Dataset excerpts:
##############################

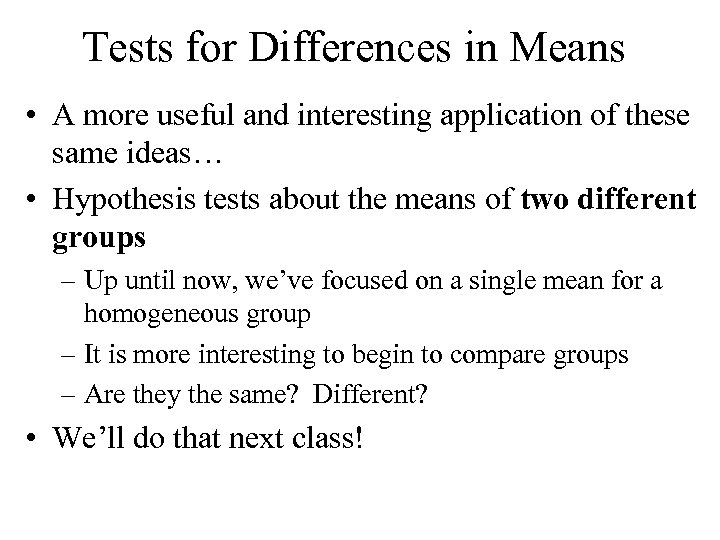 Tests for Differences in Means • A more useful and interesting application of these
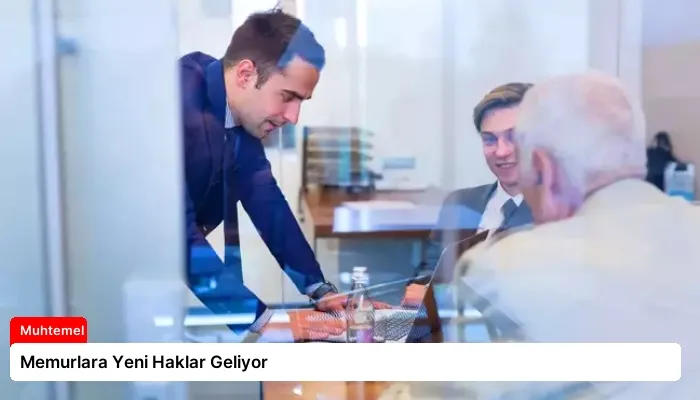 Memurlara Yeni Haklar Geliyor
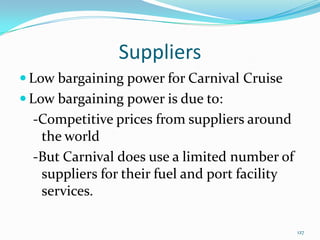 Suppliers
 Low bargaining power for Carnival Cruise
 Low bargaining power is due to:
-Competitive prices from suppliers around
the world
-But Carnival does use a limited number of
suppliers for their fuel and port facility
services.
127
 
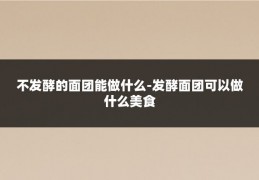 不发酵的面团能做什么-发酵面团可以做什么美食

##############################

EXERCISE GOAL: Your answer must be an exact copy of the records above, with every picture left out.

TASK RESULT:
 Tests for Differences in Means • A more useful and interesting application of these
 Memurlara Yeni Haklar Geliyor
 Suppliers
 Low bargaining power for Carnival Cruise
 Low bargaining power is due to:
-Competitive prices from suppliers around
the world
-But Carnival does use a limited number of
suppliers for their fuel and port facility
services.
127
 
 不发酵的面团能做什么-发酵面团可以做什么美食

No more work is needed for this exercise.